All of the data below should be printed again word for word, pictures excluded.

━━━━━━━━━━━━━━━━

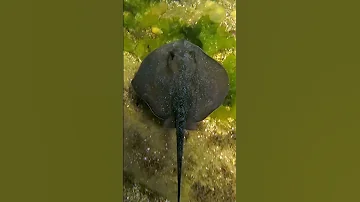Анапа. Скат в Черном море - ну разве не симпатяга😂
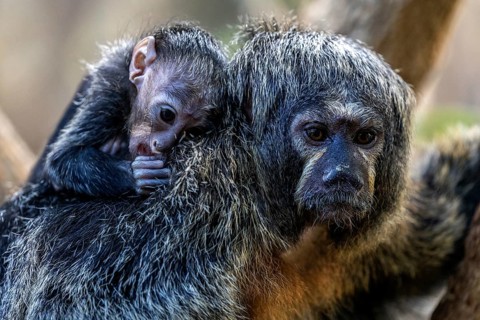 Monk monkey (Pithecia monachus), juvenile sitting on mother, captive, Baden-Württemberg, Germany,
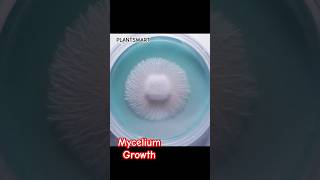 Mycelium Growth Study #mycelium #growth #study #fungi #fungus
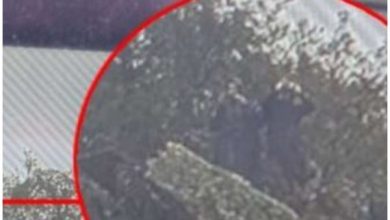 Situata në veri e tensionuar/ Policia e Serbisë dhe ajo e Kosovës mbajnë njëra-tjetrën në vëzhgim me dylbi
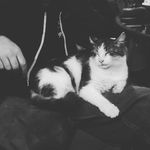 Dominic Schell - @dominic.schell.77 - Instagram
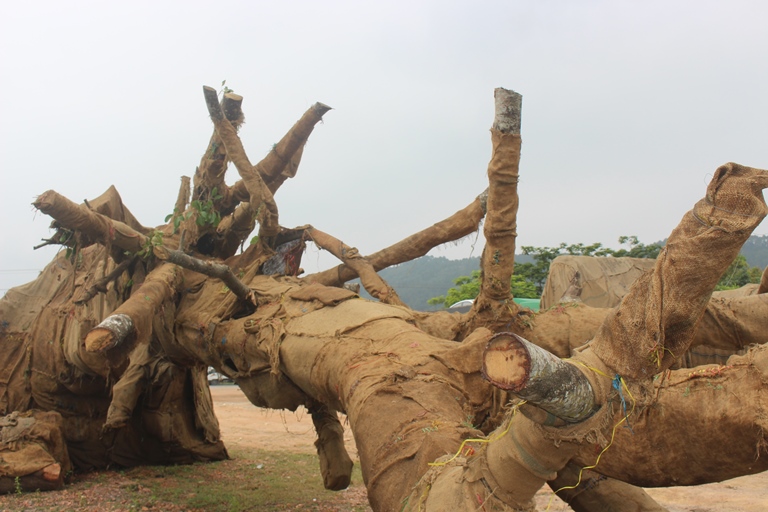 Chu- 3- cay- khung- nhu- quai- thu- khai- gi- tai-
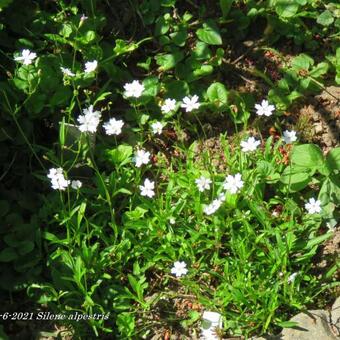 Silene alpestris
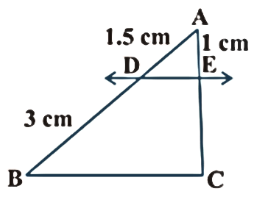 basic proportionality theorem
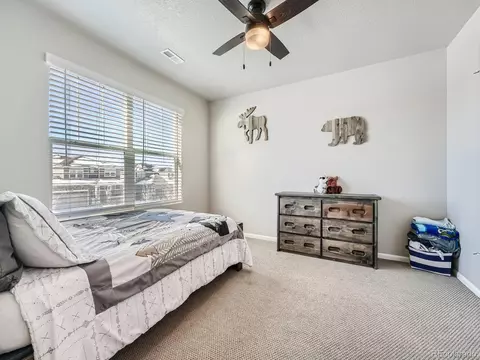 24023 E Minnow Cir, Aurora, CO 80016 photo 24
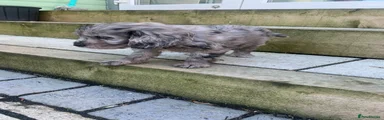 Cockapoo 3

━━━━━━━━━━━━━━━━

## COMPLETED EXERCISE
Анапа. Скат в Черном море - ну разве не симпатяга😂
 Monk monkey (Pithecia monachus), juvenile sitting on mother, captive, Baden-Württemberg, Germany,
 Mycelium Growth Study #mycelium #growth #study #fungi #fungus
 Situata në veri e tensionuar/ Policia e Serbisë dhe ajo e Kosovës mbajnë njëra-tjetrën në vëzhgim me dylbi
 Dominic Schell - @dominic.schell.77 - Instagram
 Chu- 3- cay- khung- nhu- quai- thu- khai- gi- tai-
 Silene alpestris
 basic proportionality theorem
 24023 E Minnow Cir, Aurora, CO 80016 photo 24
 Cockapoo 3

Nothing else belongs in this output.